§ MATERIAL FOR THIS TASK

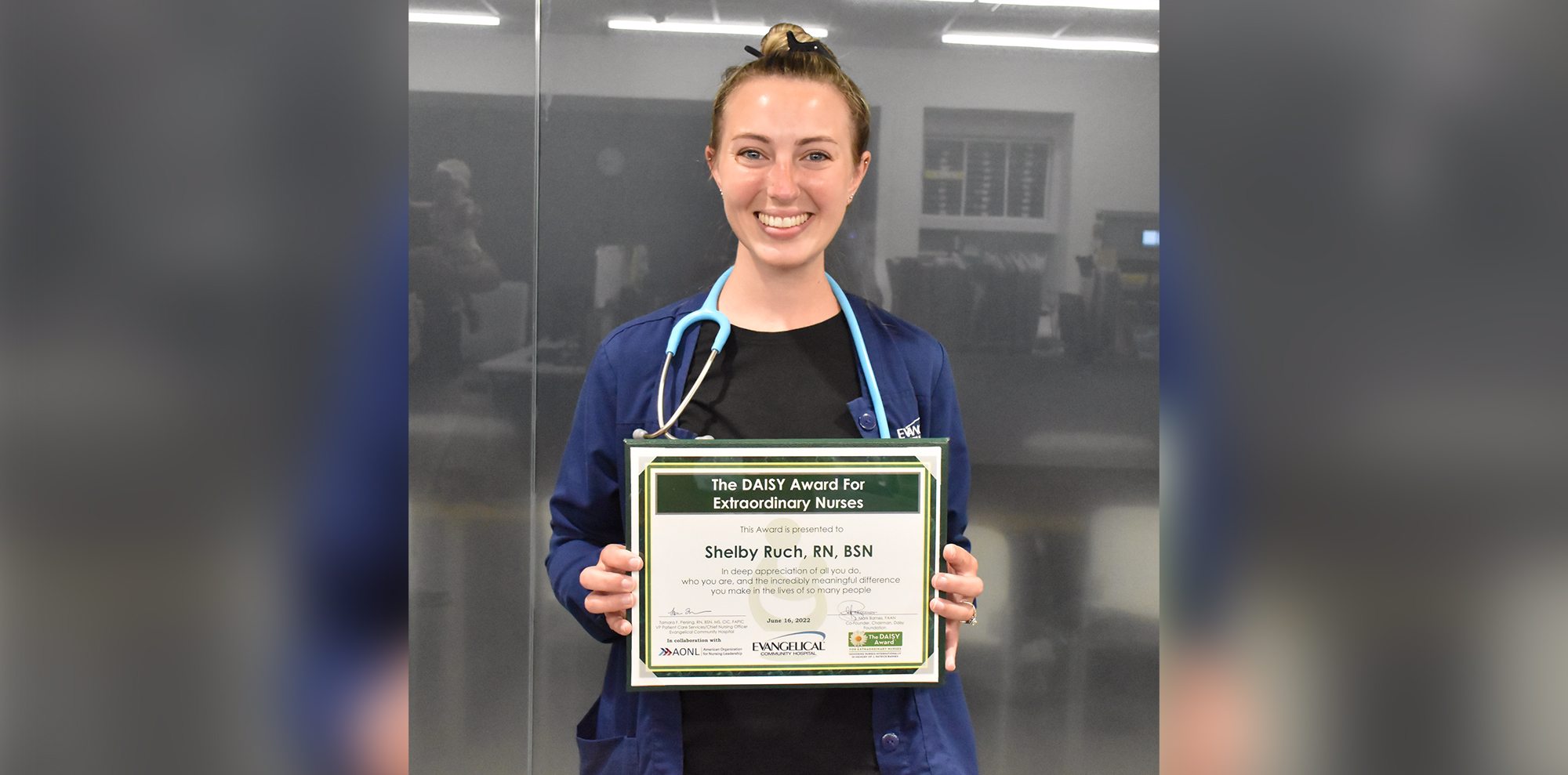 Evangelical Community Hospital Awards DAISY Honor for Nursing Excellence to Shelby Ruch, RN, BSN
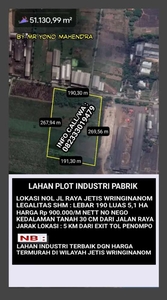 Lahan plot industri pabrik Jetis wringinanom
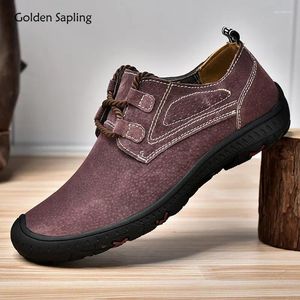 Casual Shoes Golden Sapling Loafers Men Genuine Leather Men's Breathable Driving Flats Lightweight Moccasins Retro Male Footwear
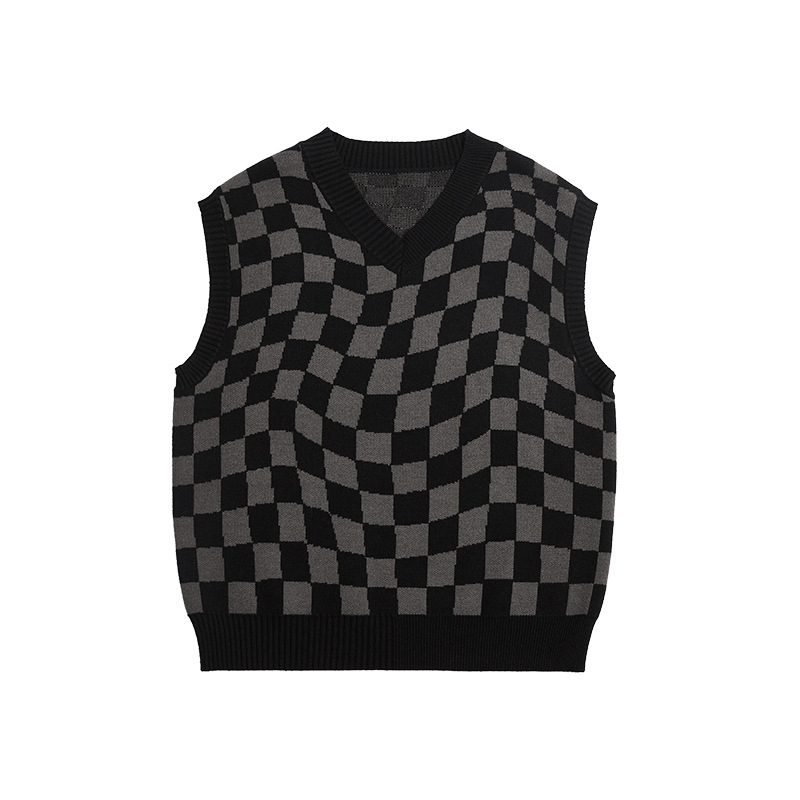Women's Checker Loose V Neck Vest Sweater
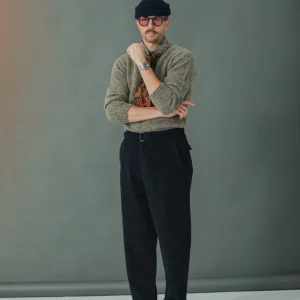 Military Pant Velours Navy - Comfort Fit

§ TASK INSTRUCTIONS
The entries above should be given again exactly, minus any pictures.

§ EXPECTED ANSWER
 Evangelical Community Hospital Awards DAISY Honor for Nursing Excellence to Shelby Ruch, RN, BSN
 Lahan plot industri pabrik Jetis wringinanom
 Casual Shoes Golden Sapling Loafers Men Genuine Leather Men's Breathable Driving Flats Lightweight Moccasins Retro Male Footwear
Women's Checker Loose V Neck Vest Sweater
 Military Pant Velours Navy - Comfort Fit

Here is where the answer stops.